* **TASK DETAILS**:
A verbatim transcript of the data below is required, images omitted.

* **DATA EXTRACT**:
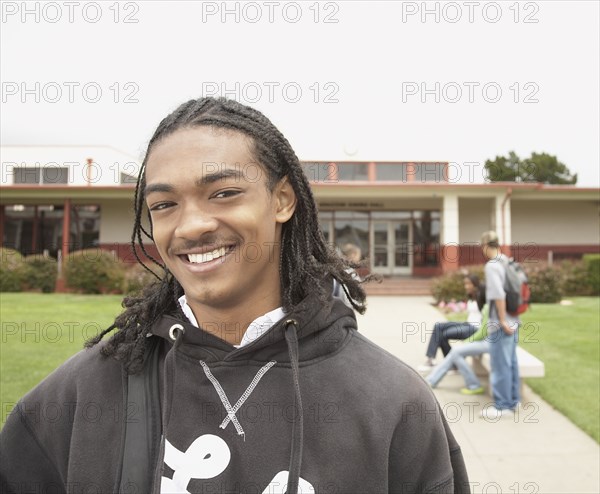 Young African man smiling on school campus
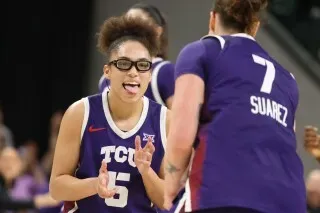 أوليفيا مايلز، لاعبة كرة سلة من جامعة تي سي يو، تحتفل مع زميلتها بعد تسجيل نقاط في مباراة، مرتدية نظارات.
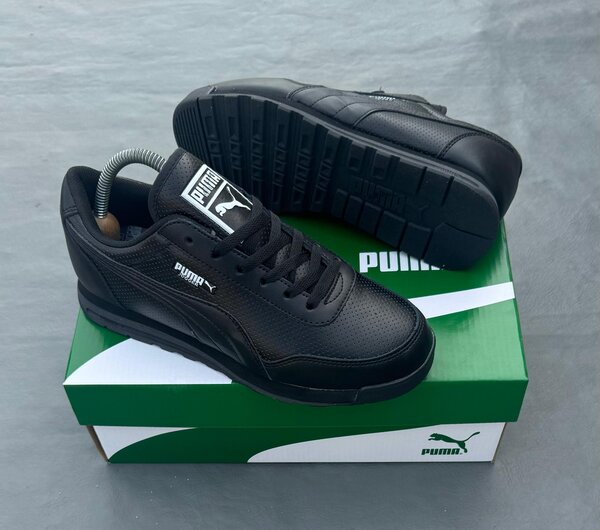 Chaussures Puma noires élégantes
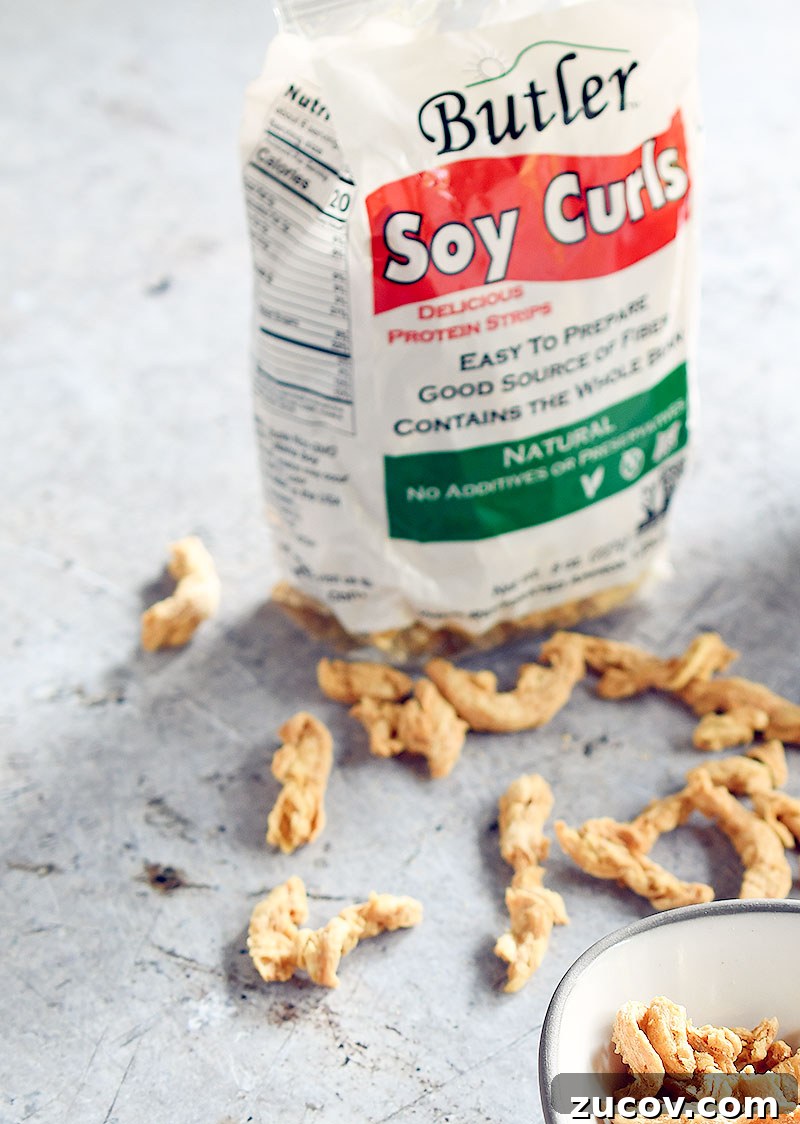 Oil-Free Vegan Butter Chicken with Soy Curls: Creamy Plant-Based Recipe 3 Bag of Butler soy curls with dried soy curls scattered about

* **ANSWER**:
 Young African man smiling on school campus
 أوليفيا مايلز، لاعبة كرة سلة من جامعة تي سي يو، تحتفل مع زميلتها بعد تسجيل نقاط في مباراة، مرتدية نظارات.
 Chaussures Puma noires élégantes
 Oil-Free Vegan Butter Chicken with Soy Curls: Creamy Plant-Based Recipe 3 Bag of Butler soy curls with dried soy curls scattered about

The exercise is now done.